無音のマティーニ/「ゴモラ」 マッテオ・ガローネ

この記事は約3分で読めます。

blog_import_4d11688b924da.jpg
「ゴモラ」公式サイト
静寂な映画である。どういうことかと思うほど、音楽が全くない。
エンドロールにほぼ初めて音楽らしい音楽が出てくる。これがまたセンスのいいミニマルミュージックなのだが、そういう趣味が出せる作り手が全く音を出さなかった。
これはなかなかの覚悟だと思う。
これが凝ったサウンドスケープのために音を落としているというわけでもない。
2009年にカンヌで監督賞をとったフィリフピンのブリラント・メンドーザ の『キナタイ-マニラ・アンダーグラウンド-』を先日観ることができたが、この作品もほとんど音楽がなかった。
だが、ネタバレになりますが、ザクザクと肉を切る音や奇妙な効果音が要所要所で効いていて、独特な観賞の味わいを残していた。(いつぞや観た「マニラ・スカイ」というフィリピン映画も似たような音の扱いをしていた。フィリピンの流行?)
本作「ゴモラ」はナポリのマフィア(「マフィア」というのはシチリアの非合法組織のことだから、この言葉は本当は間違っている)のカモッラを告発する映画である。
ドキュメンタリータッチであり、複数のエピソードを束ねたストーリーからして、「ネオリアリスモ」の伝統という人もいるが、あれらの作品に通奏低音の抒情が完全に排されている。「ドライ」というのはいうまでもなく、「乾いた」という意味だが、飲料の世界、特にアルコールならば「辛口」と意味される。そしてこの映画はドライすぎる。
gomorra2.jpg
マティーニというカクテルは、ジンとベルモットに軽くオレンジなどの皮の苦みを香り付けにふりかけたレシピだが、「ドライ・マティーニ」というオーダーとなると、このベルモット(ワインからつくられた薬草リキュール)を配合する量が少なくなる。
少なくなればなるほど「ドライ(辛口)」となるわけだが、これをどれだけドライにするかをマニアは競い、かのウィンストン・チャーチルは、辛口にこだわったあげくに、執事にジンだけいれたグラスを持たせて「ベルモット」とつぶやかせて「ドライ・マティーニ」として給仕させたとか、ベルモットの瓶を眺めながらジンだけのグラスをなめたりしていたとか(ようするにドライにしすぎてベルモットが入っていない)、たぶんジョークだろう逸話がある。
この映画は音楽というベルモットリキュールがほとんどはいっていない、チャーチルなみの「ドライ」マティーニなわけである。
GOMORRA03.jpg
金、金、金。それを巡るバイオレンスと掟。たんたんと描かれ、照りつける太陽のみが不気味に明るく路面を輝かせる。
映画のコピーは「ゴッドファーザー」+「シティ・オブ・ゴッド」なのだが、あそこにあったぬくもりのような要素も一切ない。強烈なジンの苦みだけ。しかも、ジンはロンドン・ドライ・ジン。映画に漂う苦みの香気だけが楽しめる、そういう映画。

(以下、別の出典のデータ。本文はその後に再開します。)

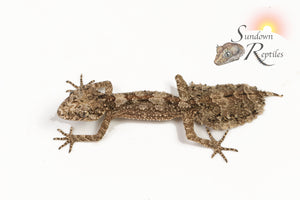 Unsexed Rough-Throated Leaf-Tailed Gecko (Saltuarius salebrosus)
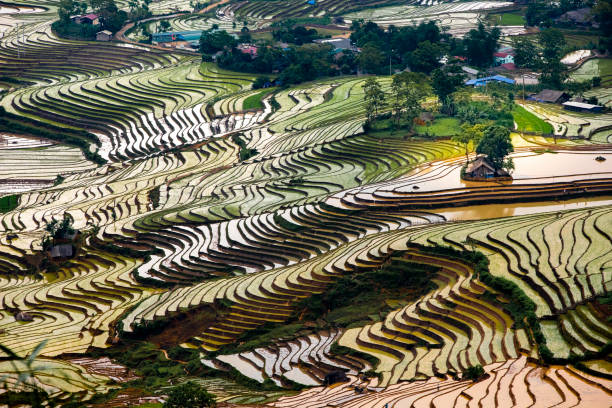 istock Rice planting season in Lao Cai terraces fields 1493718256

ナポリだから出るんだろうな、と観ていると、カモッラの下っ端のたまり場にはナポリのユニフォームが飾られている。一番高い位置にマラドーナの10番レプリカ。
スポーツ系のシャツをきている人が多いが、サッカーではどうやらこのチームだけ。後はよくわからないバスケと思しきシャツがいくつか出てくる。さすがはナポリ!とマニアックな感想も。
てか、この映画、レビュー数とかチェックするとあんまりみなさん観てませんね。
残念、これはチェックしといたほうがいい映画だと思いますよ。